Dear Olof Johansson,

In message <C6505381-97AC-4E05-9CCA-6089F69964D6 at gmail.com> you wrote:
> 
> > Please feel free to do that, but I consider this just adding
> > line-noise, unless you _really_ express special approval.
> >
> > Which sense would it make if I added a s-o-b to each and every commit
> > I'm pulling in from anywhere?
> 
> You're not pulling it, you are applying it. And the s-o-b is used to  
> show the paper trail of who has touched it. So all you should need to  
> backtrack the source of the code change is the list of the s-o-bs.

What is the difference between a "git pull" from some remote repo
and the "git am" of a patch posted on the mailing list? In both cases
I do _not_ touch the patch, and the result looks the same, too.

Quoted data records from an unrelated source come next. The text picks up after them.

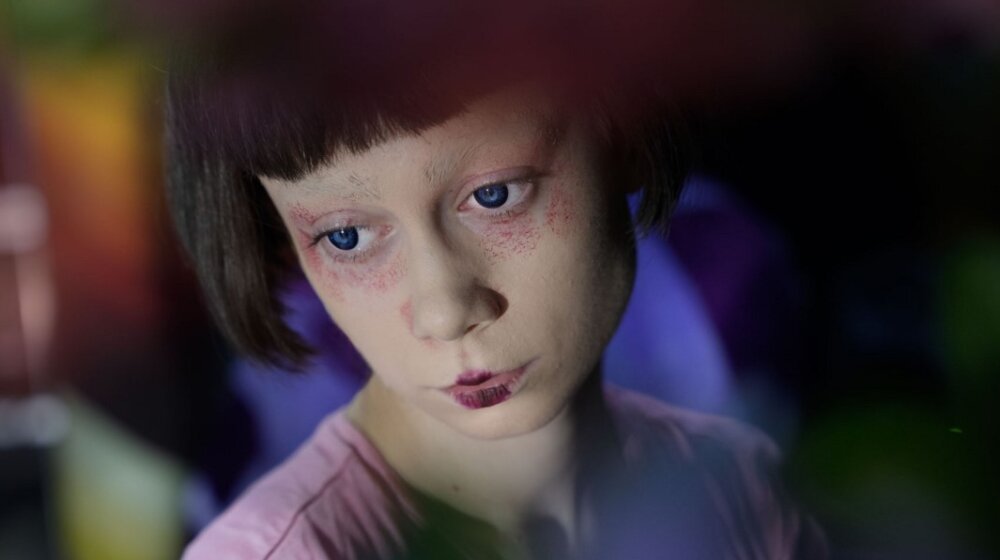 Anja Suša se vraća na BITEF sa predstavom #JEANNE 1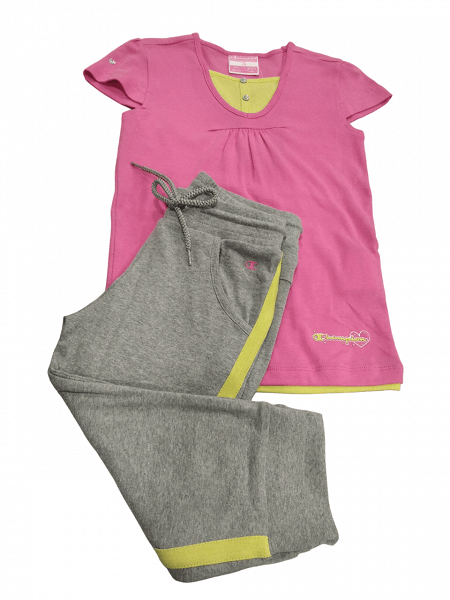 CHAMPION KIDS SET - 402452
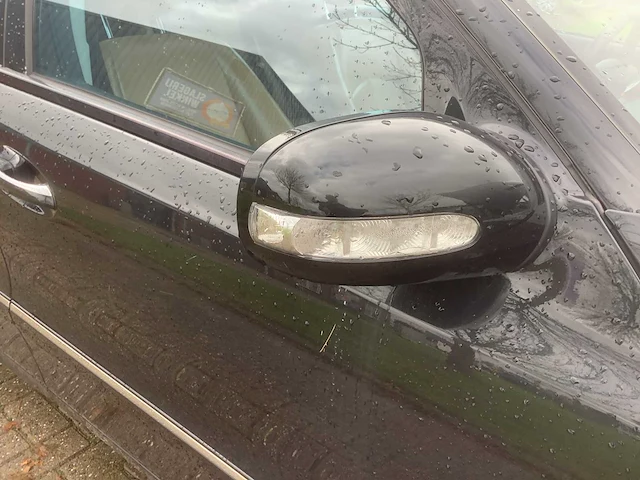 2004 mercedes-benz e-klasse 320 cdi avantgarde personenauto - afbeelding 11 van  19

> S-o-b is not an approval of the technical merits of the change. It's a  
> pure bookkeeping measure to tell where a piece of code came from and  
> who handled it on the way.

If the "handling" is just a technical operation which does not modify
a single bit of the content I see no reason to add lines of s-o-b.
Hey, I use several stages of repositories, and a number or branches
here and there. Should I every time I pull from here or cherry-pick
from there or format-patch + am somewhere else add a s-o-b? This makes
zero sense to me.

> BUT in addition to this it's really useful for a newbie like me to see  
> who to send a patch to, since it shows the list of maintainership (up  
> to the first person that submits his work through git pulls, but that  
> seems nonexistent for non-maintainers in u-boot anyway :)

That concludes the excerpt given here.